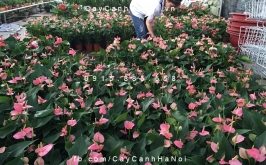 Top 6 địa chỉ mua giống cây ăn quả, cây hoa uy tín nhất Hà Nội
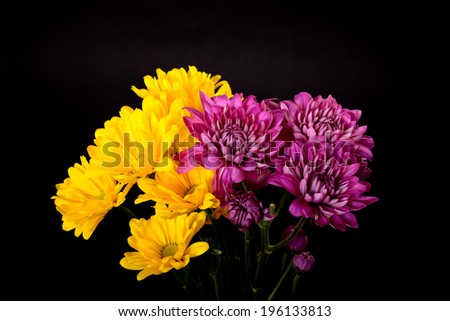 Yellow daisies and Chrysanthemum isolated over a black background
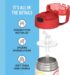 THERMOS FUNTAINER Water Bottle with Straw - 12 Ounce - Kids Stainless Steel Vacuum Insulated Water Bottle with Lid, Pokémon - Image 3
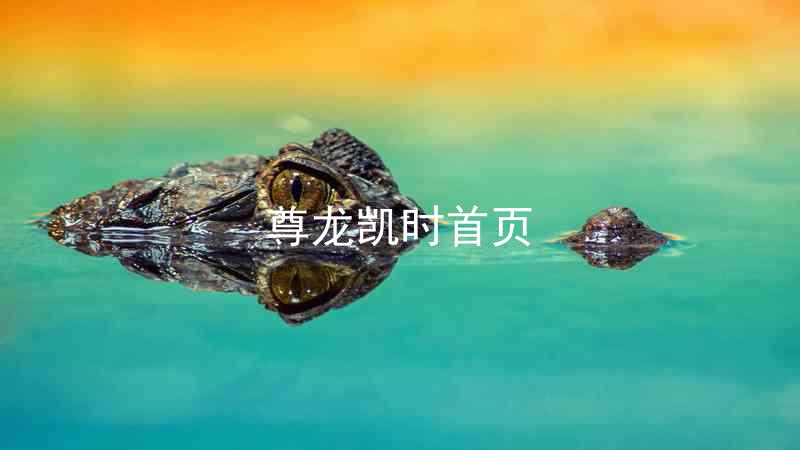 尊龙凯时首页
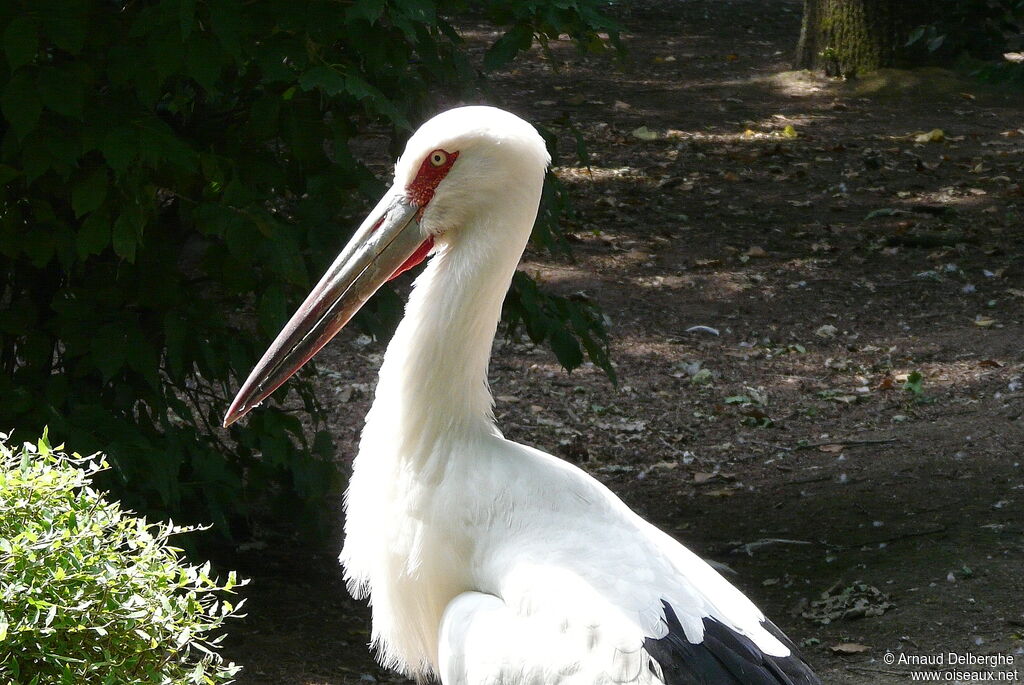 Cigogne maguari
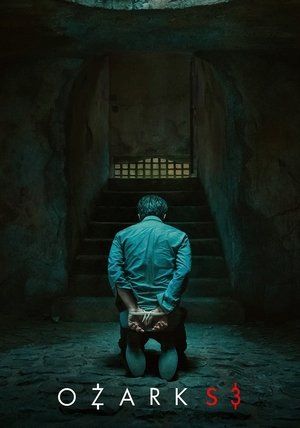 Poster for Ozark: Season 3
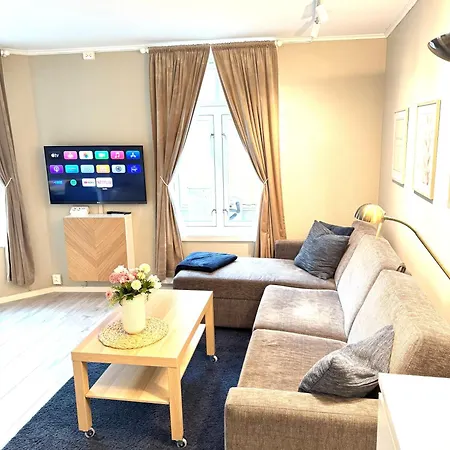 Apartment Stor Attraktiv Studioleilighet I Sentrum Trondheim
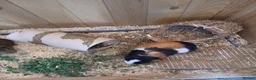 Guinea Pig rodents for sale: 2 Male Guinea Pigs. - Advert 1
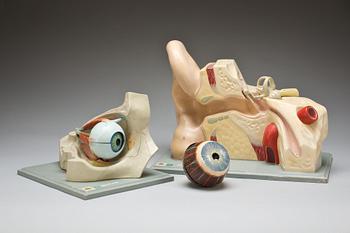 ANATOMISKA MODELLER, 3 st, 1900-tal.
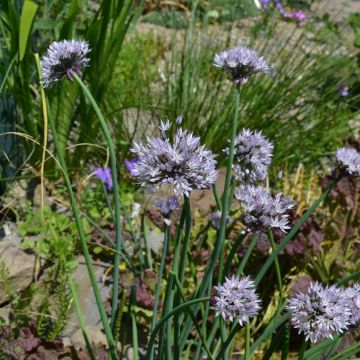 Allium ledebourianum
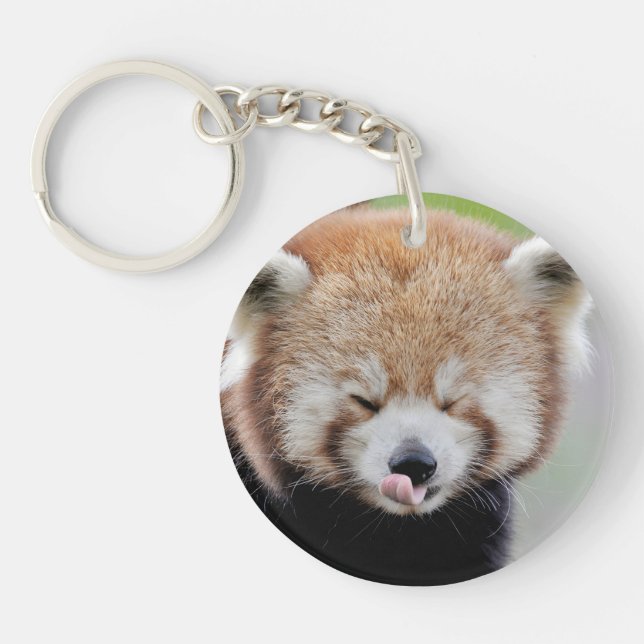 Acrylic keychain. Photo red panda, panda roux. Key Ring (Front)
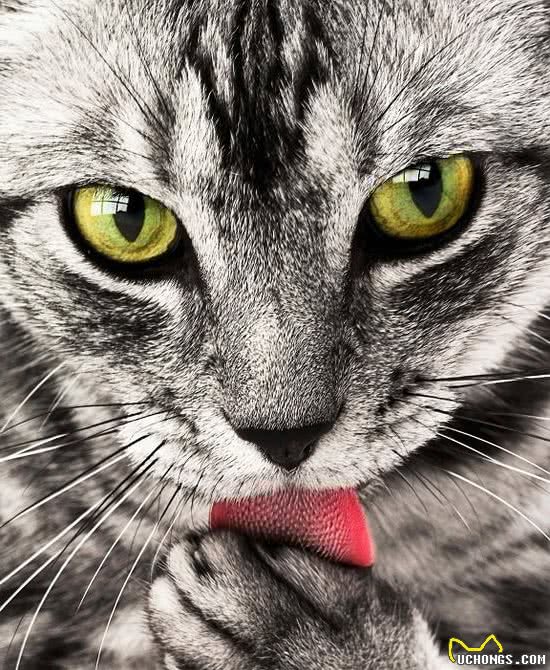 小巧玲珑虎斑猫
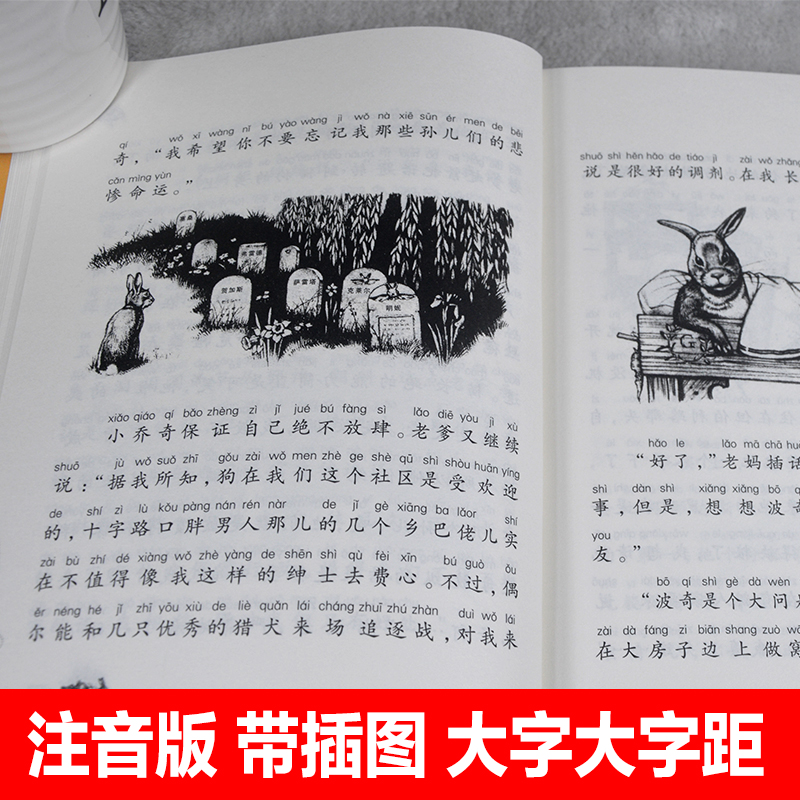 [国际大奖注音版2]全套5册 [正版]新蕾出版社坡注音版国际大奖小说小学生一二三年级课外书必读下册老师阅读外国儿高清大图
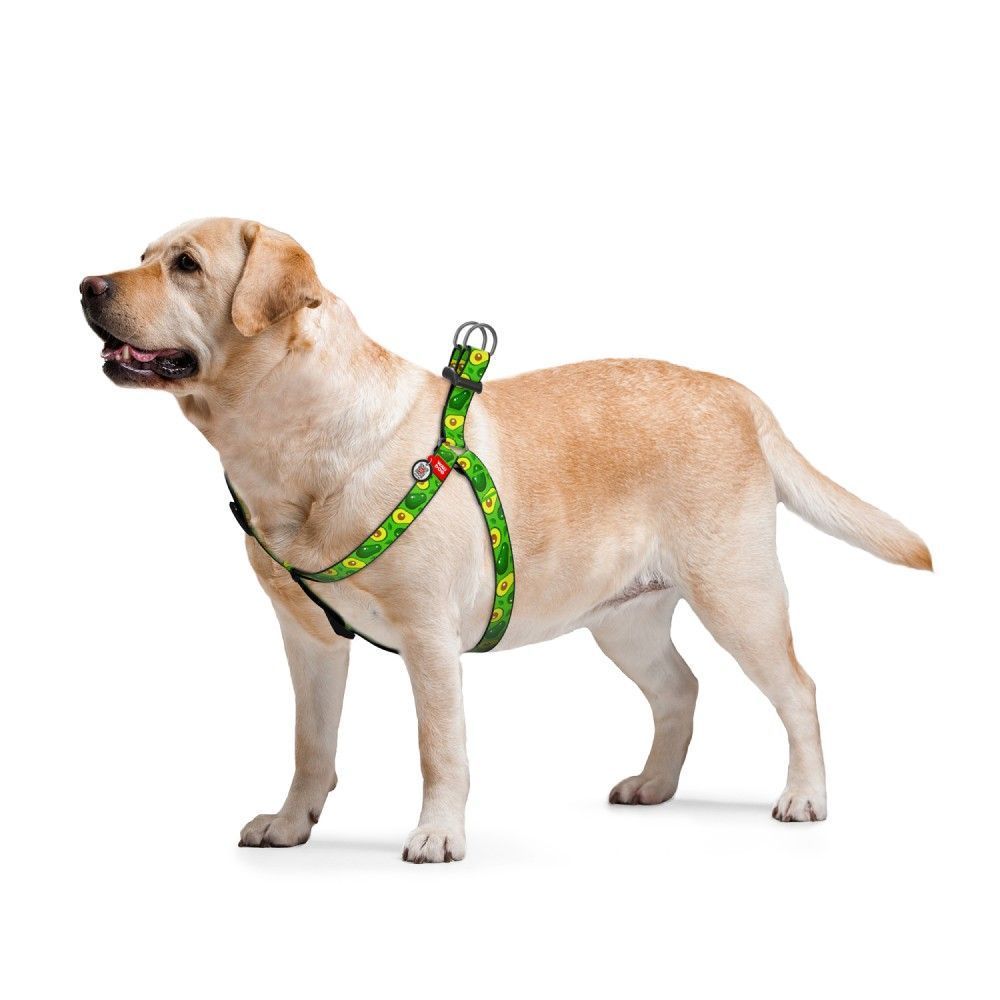 Поводок для собак COLLAR WOUDOG Нейлон М - зеленый Поводок для собак COLLAR WOUDOG Нейлон М - зеленый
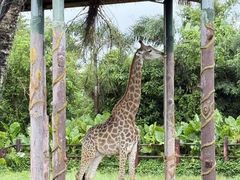 -海南热带野生动植物园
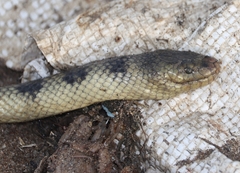 Hydrophis cyanocinctus
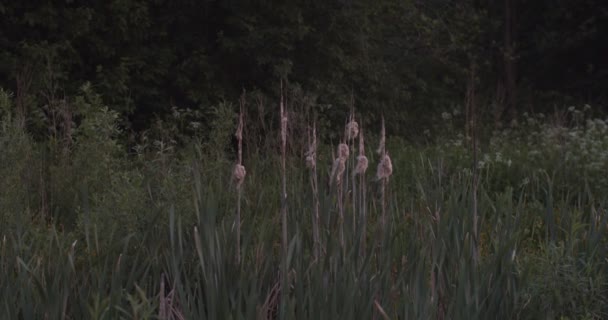Trockener Rohrkolben im belarussischen Sumpf natürlichen Hintergrund. Wildblumen Pflanzen und Kräuter auf Wiesen und Feldern in Weißrussland. Konzept zur Rettung der Natur — Stockvideo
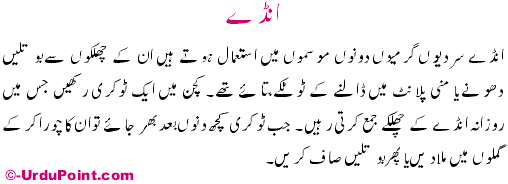 Anday Recipe In Urdu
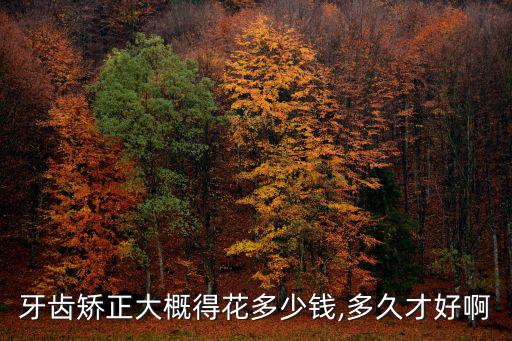 牙齒矯正大概得花多少錢,多久才好啊
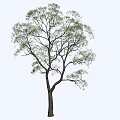Detailed Natural Arbor Featuring Dark Trunk And Green Lush Foliage Isolated On Light Background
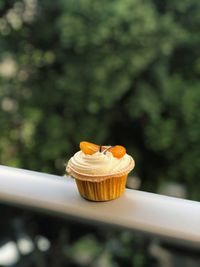 Close-up of cupcakes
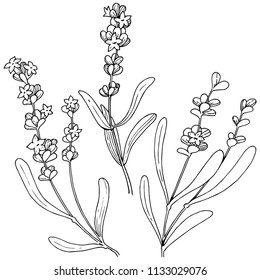 Blumenlavendel im Vektorstil einzeln. Vollständiger Name der Pflanze: Lavendel. Vektorblume für Hintergrund, Textur, Wrapper-Muster, Rahmen oder Rahmen.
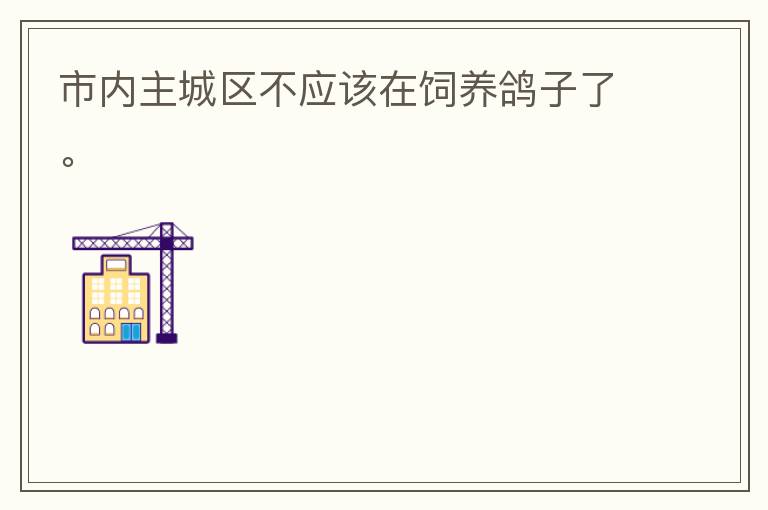 市內(nèi)主城區(qū)不應(yīng)該在飼養(yǎng)鴿子了。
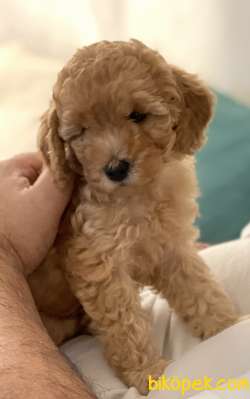 Anne Altından 2 Aylık Toy Poodle Yavruları 3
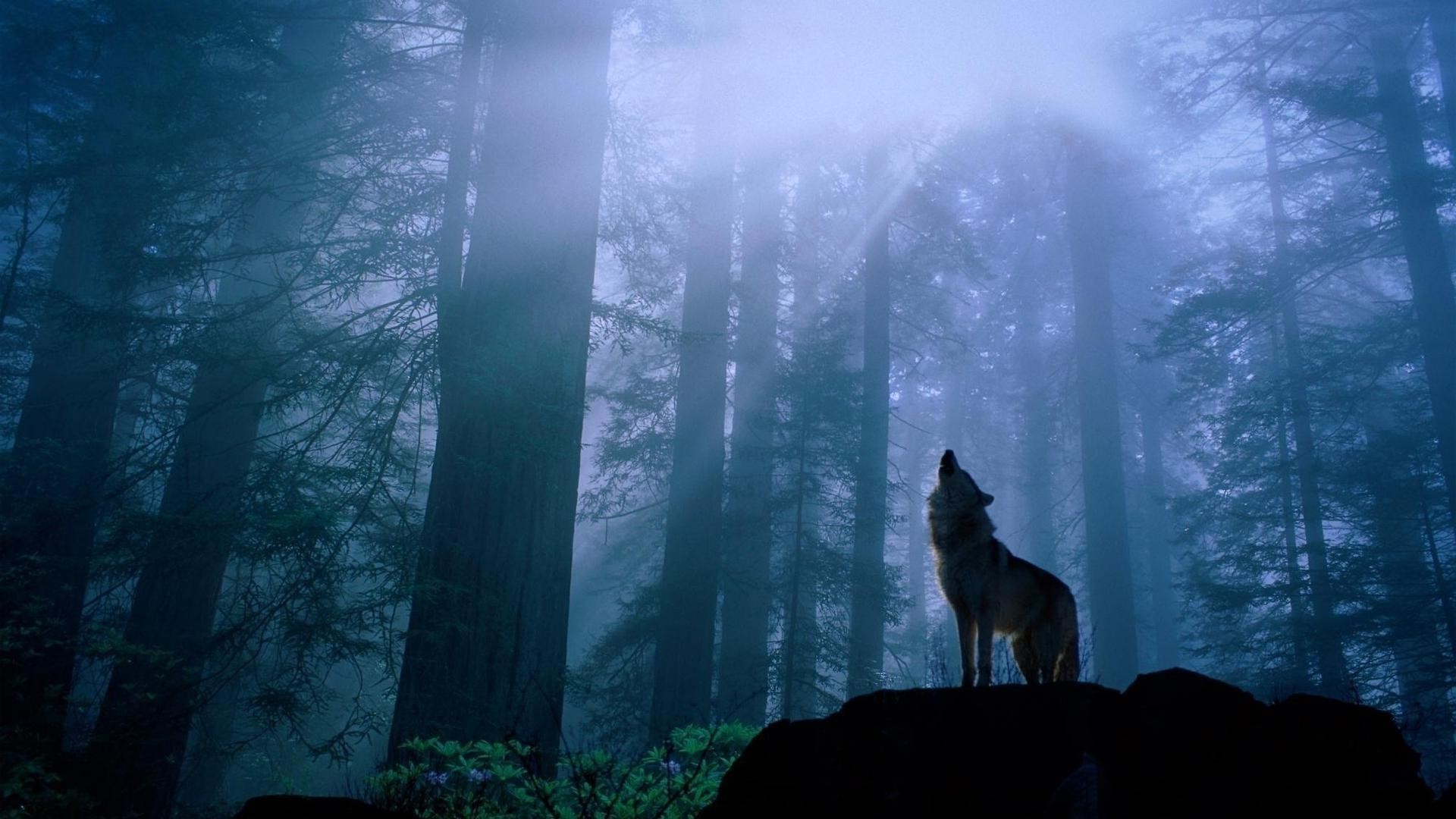 animali nebbia nebbia alba paesaggio legno illuminato all aperto inverno albero luce neve tramonto acqua natura sera viaggi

■ **PROBLEM DETAILS**
Leave out the pictures, and write out exactly the lines from the one containing "Apartment Stor Attraktiv" through the last line of the listing, both included.

■ **REPLY TO THE TASK**
 Apartment Stor Attraktiv Studioleilighet I Sentrum Trondheim
 Guinea Pig rodents for sale: 2 Male Guinea Pigs. - Advert 1
 ANATOMISKA MODELLER, 3 st, 1900-tal.
 Allium ledebourianum
 Acrylic keychain. Photo red panda, panda roux. Key Ring (Front)
 小巧玲珑虎斑猫
 [国际大奖注音版2]全套5册 [正版]新蕾出版社坡注音版国际大奖小说小学生一二三年级课外书必读下册老师阅读外国儿高清大图
 Поводок для собак COLLAR WOUDOG Нейлон М - зеленый Поводок для собак COLLAR WOUDOG Нейлон М - зеленый
 -海南热带野生动植物园
 Hydrophis cyanocinctus
Trockener Rohrkolben im belarussischen Sumpf natürlichen Hintergrund. Wildblumen Pflanzen und Kräuter auf Wiesen und Feldern in Weißrussland. Konzept zur Rettung der Natur — Stockvideo
 Anday Recipe In Urdu
 牙齒矯正大概得花多少錢,多久才好啊
Detailed Natural Arbor Featuring Dark Trunk And Green Lush Foliage Isolated On Light Background
 Close-up of cupcakes
 Blumenlavendel im Vektorstil einzeln. Vollständiger Name der Pflanze: Lavendel. Vektorblume für Hintergrund, Textur, Wrapper-Muster, Rahmen oder Rahmen.
 市內(nèi)主城區(qū)不應(yīng)該在飼養(yǎng)鴿子了。
 Anne Altından 2 Aylık Toy Poodle Yavruları 3
 animali nebbia nebbia alba paesaggio legno illuminato all aperto inverno albero luce neve tramonto acqua natura sera viaggi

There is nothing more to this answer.